[Cluster-devel] [PATCH v2 2/2] iomap: partially revert 4721a601099 (simulated directio short read on EFAULT)
Zorro Lang
zlang at redhat.com
Thu Aug 29 01:36:04 UTC 2019
On Wed, Aug 28, 2019 at 07:23:32AM -0700, Darrick J. Wong wrote:
> On Wed, Aug 21, 2019 at 10:23:49PM +0200, Andreas Grünbacher wrote:
> > Hi Darrick,
> >
> > Am So., 2. Dez. 2018 um 19:13 Uhr schrieb Darrick J. Wong
> > <darrick.wong at oracle.com>:
> > > From: Darrick J. Wong <darrick.wong at oracle.com>
> > >
> > > In commit 4721a601099, we tried to fix a problem wherein directio reads
> > > into a splice pipe will bounce EFAULT/EAGAIN all the way out to
> > > userspace by simulating a zero-byte short read. This happens because
> > > some directio read implementations (xfs) will call
> > > bio_iov_iter_get_pages to grab pipe buffer pages and issue asynchronous
> > > reads, but as soon as we run out of pipe buffers that _get_pages call
> > > returns EFAULT, which the splice code translates to EAGAIN and bounces
> > > out to userspace.
> > >
> > > In that commit, the iomap code catches the EFAULT and simulates a
> > > zero-byte read, but that causes assertion errors on regular splice reads
> > > because xfs doesn't allow short directio reads. This causes infinite
> > > splice() loops and assertion failures on generic/095 on overlayfs
> > > because xfs only permit total success or total failure of a directio
> > > operation. The underlying issue in the pipe splice code has now been
> > > fixed by changing the pipe splice loop to avoid avoid reading more data
> > > than there is space in the pipe.
> > >
> > > Therefore, it's no longer necessary to simulate the short directio, so
> > > remove the hack from iomap.
> > >
> > > Fixes: 4721a601099 ("iomap: dio data corruption and spurious errors when pipes fill")

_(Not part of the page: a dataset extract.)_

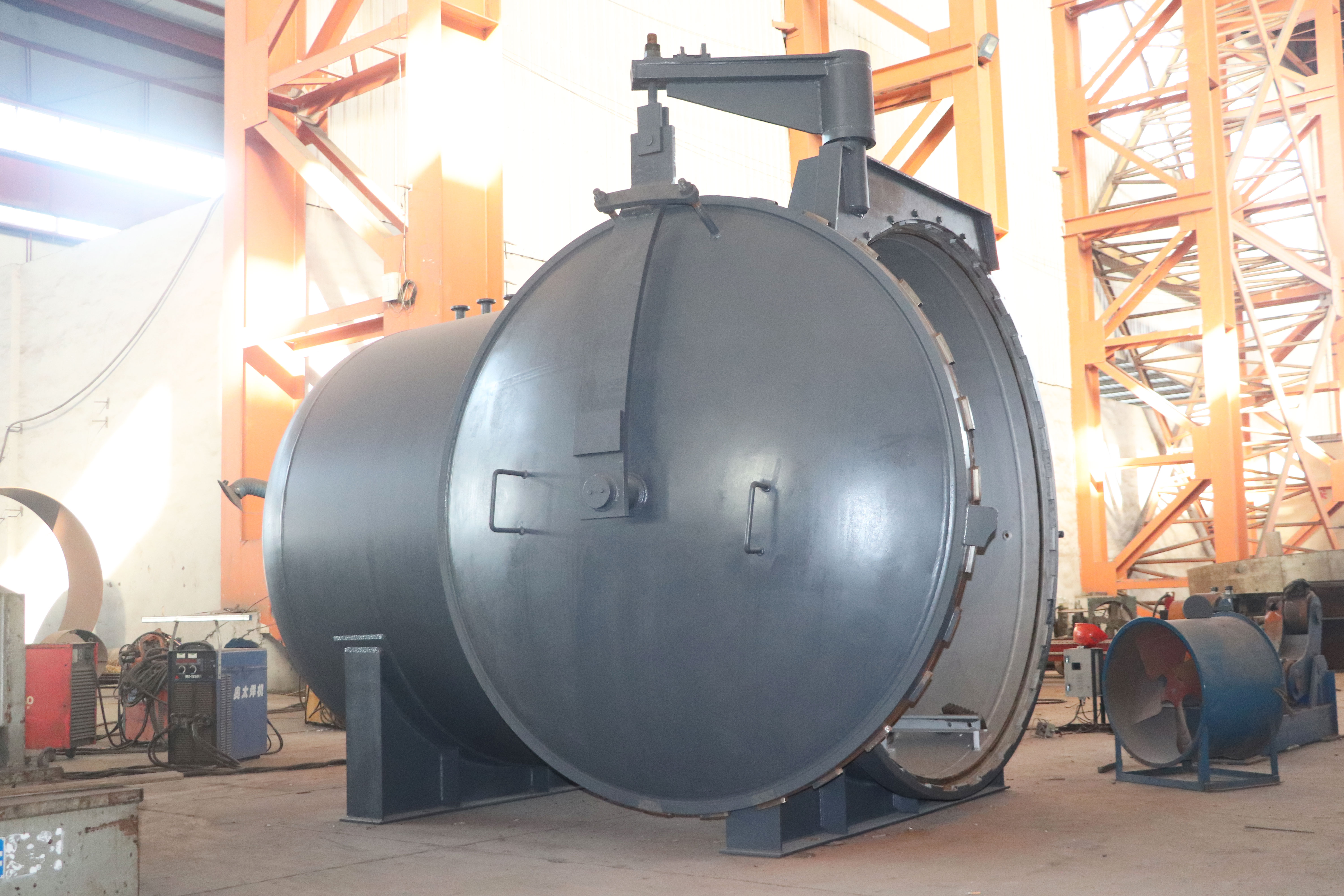 Pouring Tank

> > > Reported-by: Amir Goldstein <amir73il at gmail.com>
> > > Reviewed-by: Christoph Hellwig <hch at lst.de>
> > > Signed-off-by: Darrick J. Wong <darrick.wong at oracle.com>
> > > ---
> > > v2: split into two patches per hch request
> > > ---
> > > fs/iomap.c | 9 ---------
> > > 1 file changed, 9 deletions(-)
> > >
> > > diff --git a/fs/iomap.c b/fs/iomap.c
> > > index 3ffb776fbebe..d6bc98ae8d35 100644
> > > --- a/fs/iomap.c
> > > +++ b/fs/iomap.c
> > > @@ -1877,15 +1877,6 @@ iomap_dio_rw(struct kiocb *iocb, struct iov_iter *iter,
> > > dio->wait_for_completion = true;
> > > ret = 0;
> > > }
> > > -
> > > - /*
> > > - * Splicing to pipes can fail on a full pipe. We have to
> > > - * swallow this to make it look like a short IO
> > > - * otherwise the higher splice layers will completely
> > > - * mishandle the error and stop moving data.
> > > - */
> > > - if (ret == -EFAULT)
> > > - ret = 0;
> > > break;
> > > }
> > > pos += ret;
> >
> > I'm afraid this breaks the following test case on xfs and gfs2, the
> > two current users of iomap_dio_rw.
>
> Hmm, I had kinda wondered if regular pipes still needed this help.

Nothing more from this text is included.